Do you know how much your Social Security benefits can be taxed? According to the Internal Revenue Service (IRS) located at www.irs.gov, Social security benefits include monthly retirement, survivor and disability benefits. They don’t include supplemental security income (SSI) payments, which aren’t taxable. The net amount of social security benefits that you receive from the Social Security Administration is reported in Box 5 of Form SSA-1099, Social Security Benefit Statement, and you report that amount on your income tax return (Form 1040, line 20a or Form 1040A, Line 14a).
The IRS continues by stating that the taxable portion of the benefits that’s included in your income and used to calculate your income tax liability depends on the total amount of your income and benefits for the taxable year. You report the taxable portion of your social security benefits on Form 1040, line 20b or Form 1040A, line 14b.

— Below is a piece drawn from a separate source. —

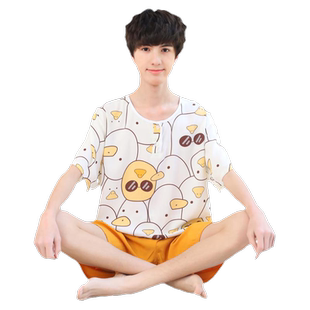 夏季青少年大童棉绸睡衣男童儿童男孩短袖薄款空调绵绸家居服套装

Some people must pay taxes on part of their Social Security benefits. Others find that their benefits aren’t taxable. If you get Social Security, the IRS can help you determine if some of your benefits are taxable.

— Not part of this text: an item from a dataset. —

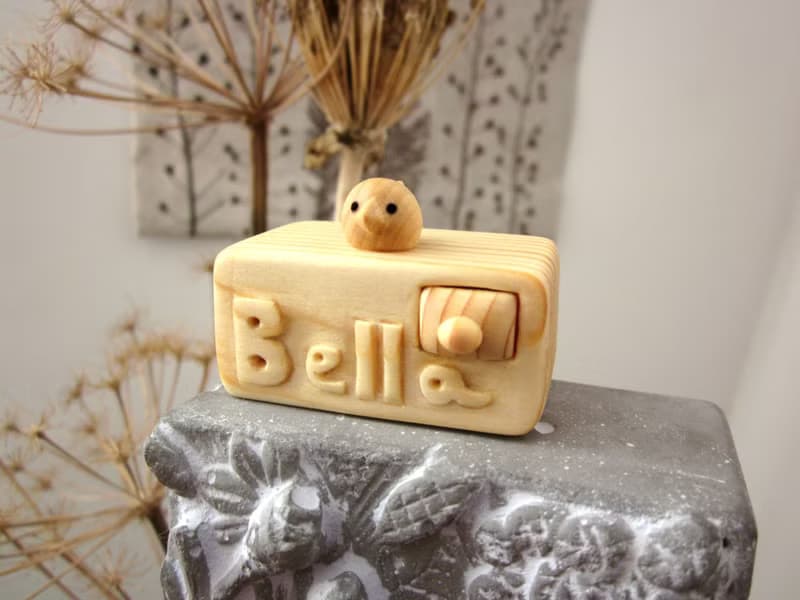 Miniature wooden drawer with little bird personalized with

Here are five tips about how Social Security affects your taxes:
1. If you received these benefits in 2017, you should have received a Form SSA-1099, Social Security Benefit Statement, showing the amount.
2. If Social Security was your only source of income in 2017, your benefits may not be taxable. You also may not need to file a federal income tax return.

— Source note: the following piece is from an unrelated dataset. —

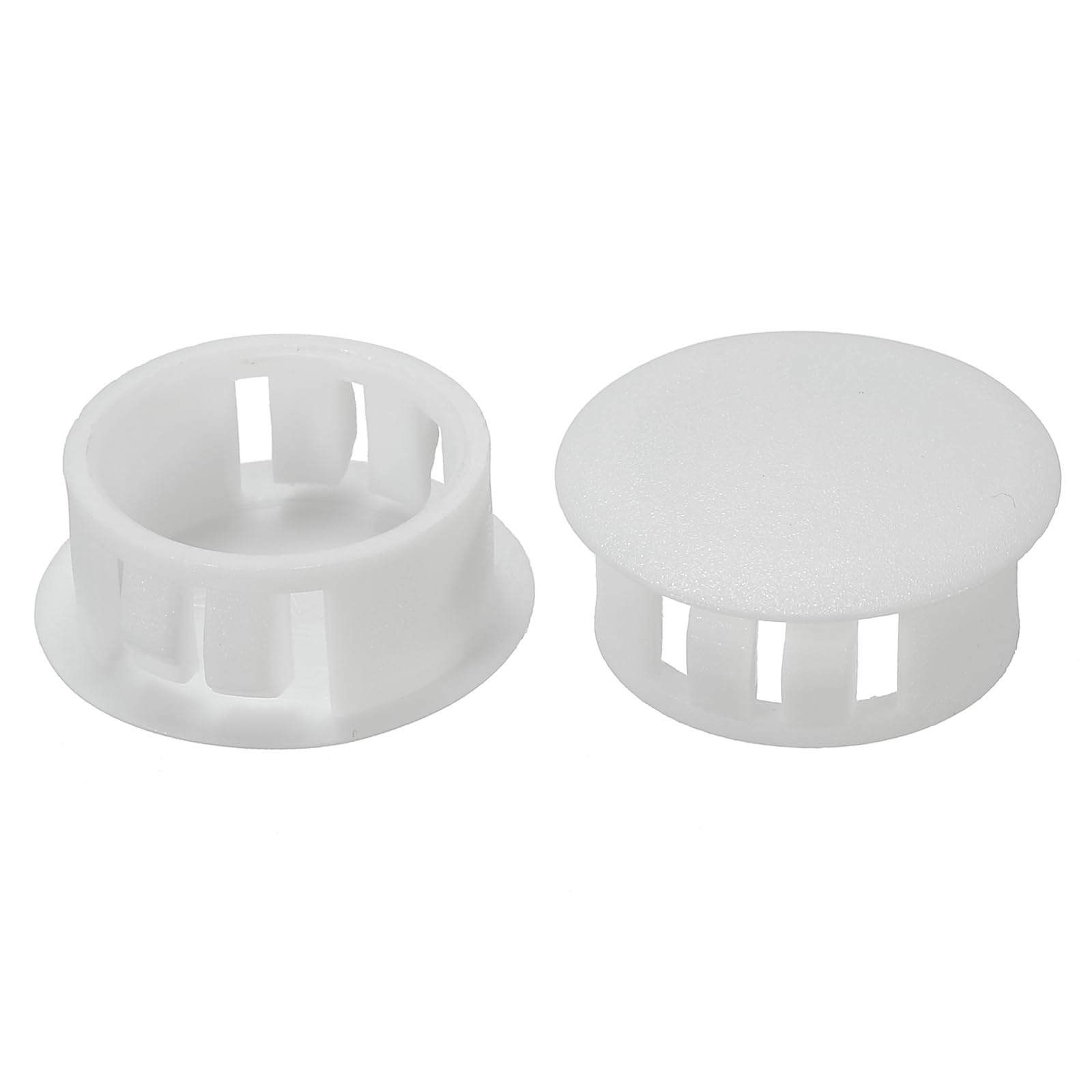 PATIKIL Hole Plugs Plastic, 50 Pcs 19mm(3/4") Screw Bumper Hole Plug Flush Snap Type Round Hole Cover Caps for Round Holes Cabinet Furniture Kitchen, White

3. If you get income from other sources, then you may have to pay taxes on some of your benefits.
4. Your income and filing status affect whether you must pay taxes on your Social Security.
5. To find out whether any of your benefits may be taxable, compare the base amount for your filing status with the total of:
• One-half of your benefits; plus
• All of your other income, including tax-exempt interest.
The base amount for your filing status is:
• $25,000 if you’re single, head of household, or qualifying widow(er),
• $25,000 if you’re married filing separately and lived apart from your spouse for the entire year,
• $32,000 if you’re married filing jointly,
• $0 if you’re married filing separately and lived with your spouse at any time during the tax year.
Tax Formula Tip: Here’s a quick way to find out if a taxpayer must pay taxes on their Social Security benefits: Add one-half of the Social Security income to all other income, including tax-exempt interest. Then compare that amount to the base amount for their filing status. If the total is more than the base amount, some of their benefits may be taxable.
If you’re married and file a joint return, you and your spouse must combine your incomes and social security benefits when figuring the taxable portion of your benefits. Even if your spouse didn’t receive any benefits, you must add your spouse’s income to yours when figuring on a joint return if any of your benefits are taxable.
You can figure the taxable amount of the benefits on a worksheet in the Instructions for Form 1040, Instructions for Form 1040A, or in Publication 915, “Social Security and Equivalent Railroad Retirement Benefits“.